Anytime Large-Scale Analytics of Linked Open Data
Analytical queries are queries with numerical aggregators: computing the average number of objects per property, identifying the most frequent subjects, etc. Such queries are essential to monitor the quality and the content of the Linked Open Data (LOD) cloud. Many analytical queries cannot be executed directly on the SPARQL endpoints, because the fair use policy cuts off expensive queries. This paper shows how to rewrite such queries into a set of queries that each satisfy the fair use policy.
Publication
Anytime Large-Scale Analytics of Linked Open Data
Arnaud Soulet and Fabian M. Suchanek
Full paper at ISWC19 (research track)
Results of experiments
- Validation on DBpedia:
- Quality of convergence: dbpedia_convergence.csv
- Top-k precision: dbpedia_top.csv
- Efficiency: dbpedia_efficiency.csv
- Usage query on the LOD cloud: LOD_statistics.csv
- Representativeness of LOD: LOD_representativeness.csv
Source code
We provide the Java source code of the prototype:
- Usage query: This implementation measures property usage and class usage. Source code
- Representativeness of LOD: This implementation computes for each property, a distribution over the frequency of the first significant digit of the number of objects per subject. We used the method proposed here to convert this distribution into a score between 0 and 1 that measures the "representativeness" of the triplestores. Source code
How to
- Install the database schema by running the sql script in sql directory (for MySQL 8)

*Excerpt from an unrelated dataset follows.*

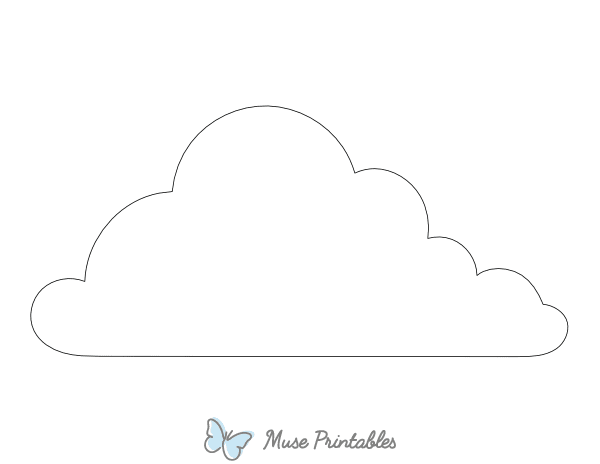 Cloud Shape Outline Craft Template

- Configure the application by modifying the property files in properties/
- robusta_file.properties: thread configuration (producer_number and consumer_number) / database configuration
- file.properties: database configuration
- Run the application
- TestXxx: test the application for one SPARQL endpoint (developpement purpose)
- LODXxxApplication: run the application with a server and a client (production purpose)